Robin Lehner, G, OTT - The Islanders ruined Lehner's perfection in his first NHL start, as he stopped just 20 of 24 shots, but got enough offensive support to win. He was then sent down to the AHL to get consistent work, while non-prospect Mike Brodeur was recalled to back up Brian Elliott. The Sens are best served allowing the big kid to play out this season and at the very least the beginning of next season in the AHL so he can continue to improve his technique.

James Reimer, G, TOR - The 22-year-old Reimer got some run over the first half of this month thanks to J.S. Giguere's groin injury, and he played exceptionally well, going 4-2-0 with a .931 save percentage and 2.36 GAA. Reimer has had success in the AHL this year and last, posting .920 and .925 save percentages, respectively. With Giguere back, look for Reimer to get heavy work in the AHL for the rest of the season. He'll likely be the backup in the NHL next year.

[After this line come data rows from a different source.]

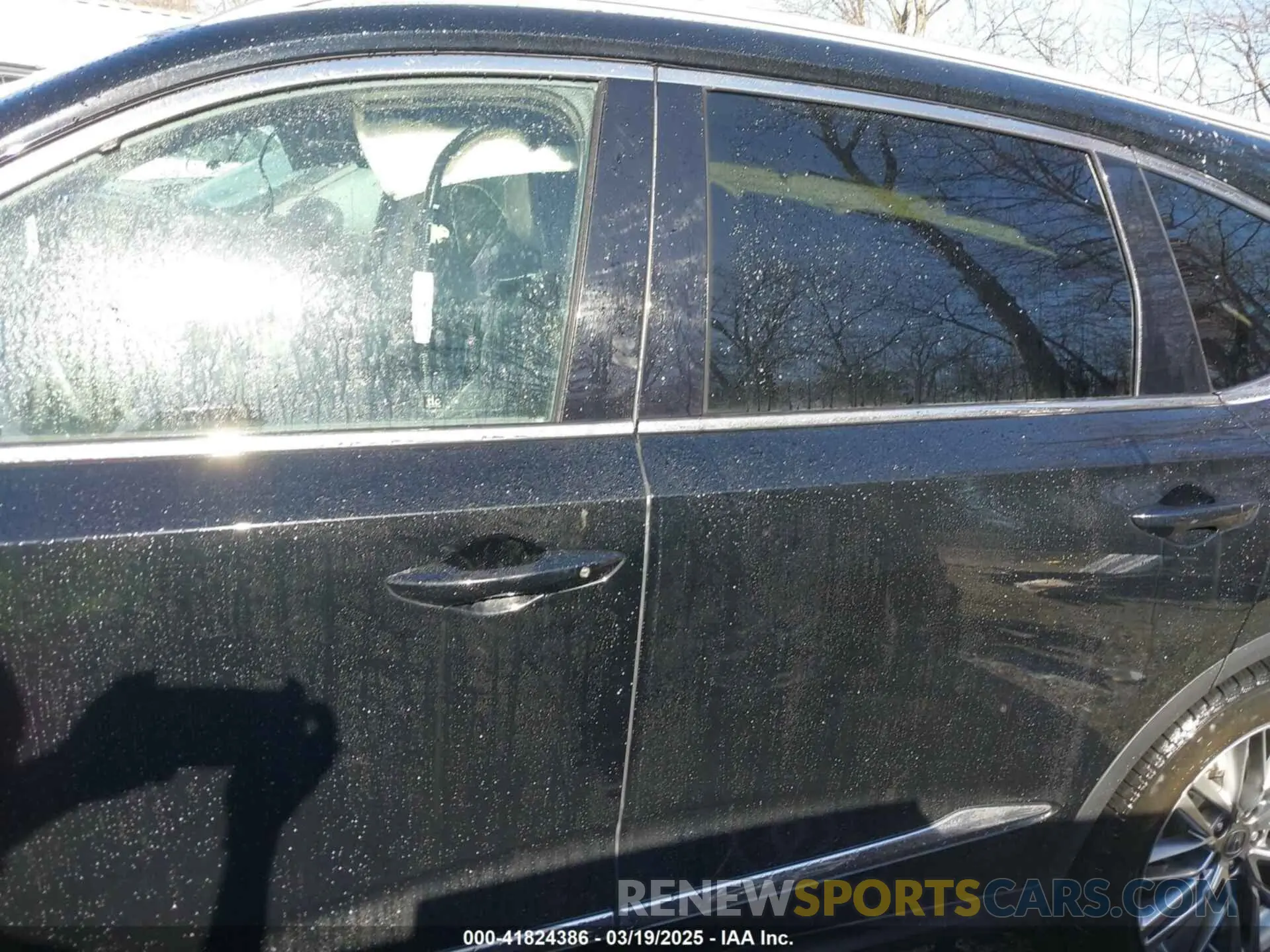 15 Photograph of a damaged car 5J8YE1H84PL014255 ACURA MDX 2023
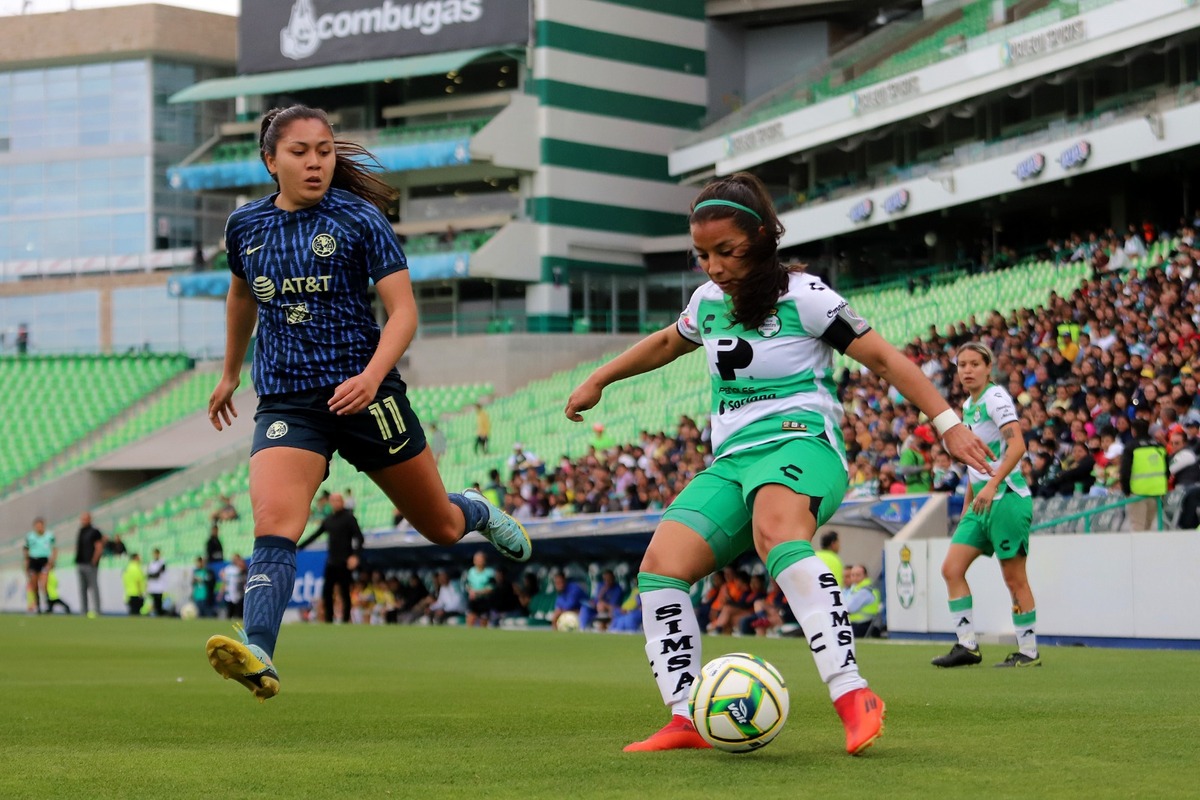 El partido arrancó con algunas emociones en las porterías. (Rolando Riestra)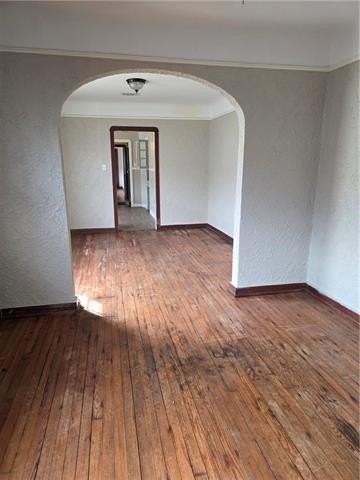 2520 Leonidas St - Photo 2 of 8
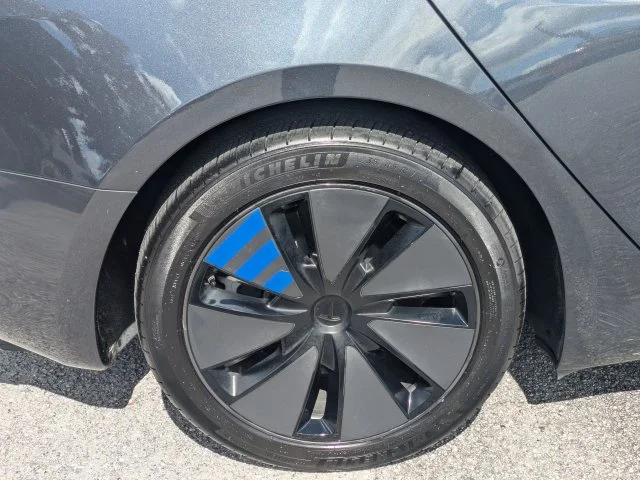 Used 2026  Tesla  image 11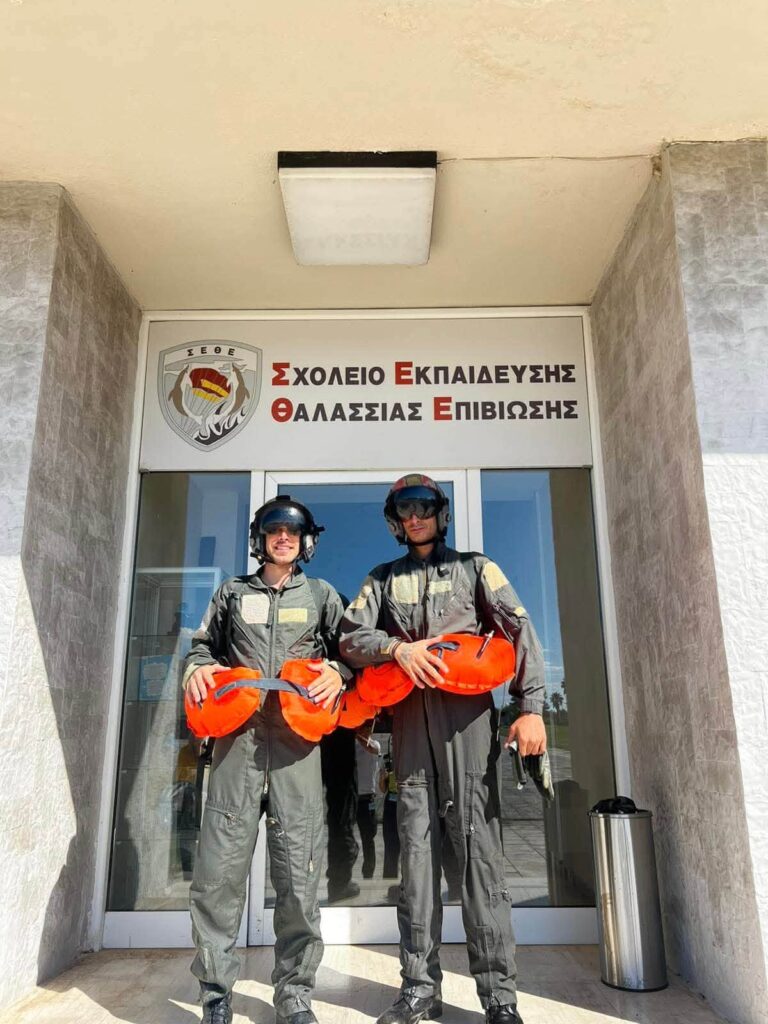 Αχαΐα: Θαλάσσια επιβίωση για τους εθελοντές πυροσβέστες ΦΩΤΟ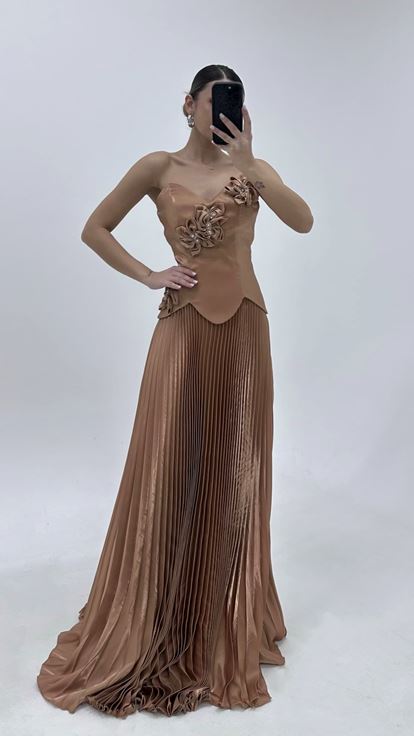 فستان سهرة من الساتان المطوي بنقشة زهور بلون قهوة الحليب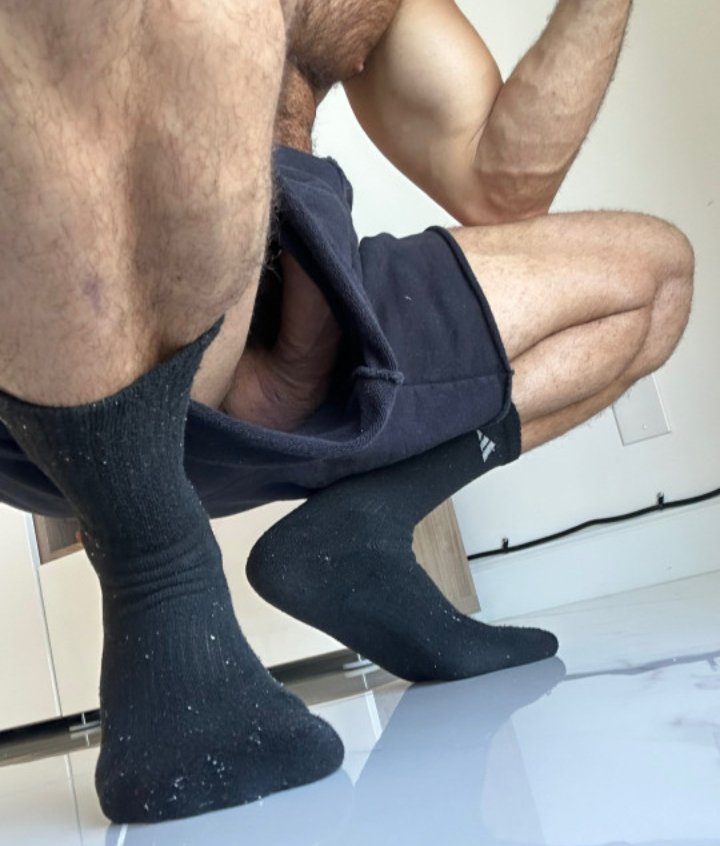 AdonisDuart's tweet photo. Some views between...π₯π₯π₯
#balls #menballs #handle #hotsocks https://t.co/YJjwZ7S0YK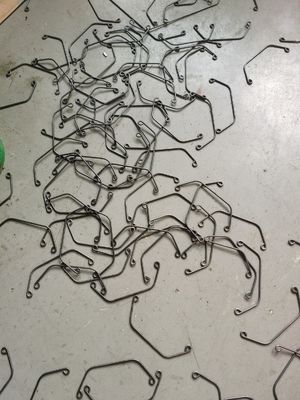 Macchina avvolgitrice per produzione di molle CNC a 14 assi senza camme con formatore rotante a filo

Matt Hackett, G, MIN - Here's a name to file away (or to own in keeper leagues). The 20-year-old Hackett, a third-round pick in '09, is a tremendous talent and perhaps will be Niklas Backstrom's successor one day. He was dominant in his final year of juniors, putting up a .925 save percentage despite facing an average of more than 30 shots per game. Hackett's in the midst of a solid first pro year, posting a 2.52 GAA and .912 save percentage in 24 games for Houston of the AHL. His brief time in the NHL involved no game action.

The Future to Come

Every week in this space, I'll feature one college player and one junior player who are making their mark.

This week's college prospect is freshman T.J. Tynan of Notre Dame. Tynan is the only freshman in all of college hockey to crack the top 20 in scoring; he's tied for third with 15 goals and 18 assists over 26 games. Just 18 years old, Tynan spent last season with Des Moines of the USHL, compiling 72 points in 60 games, and appears to be ready to take his game to the next level. College freshmen who put up a point per game are RARE, and I'd expect Tynan to be drafted in the first round this year. He's another smaller guy, but at his age, he could easily still grow another inch or two. Keep him on your radar.

Our junior prospect of the week is Tyler Toffoli, an 18-year-old who's spent this season absolutely dominating the OHL. With 41 goals in 44 games, he leads the league by 10, and the only player particularly close to his 79 points is teammate Shane Prince (76 points), who's been lucky enough to feed Toffoli the puck all year. How he didn't get on Canada's WJC team is a mystery to me. Taken by the Kings in the second round in 2010, Toffoli is among the best NHL prospects that no one knows about. Los Angeles has a potential superstar on its hands.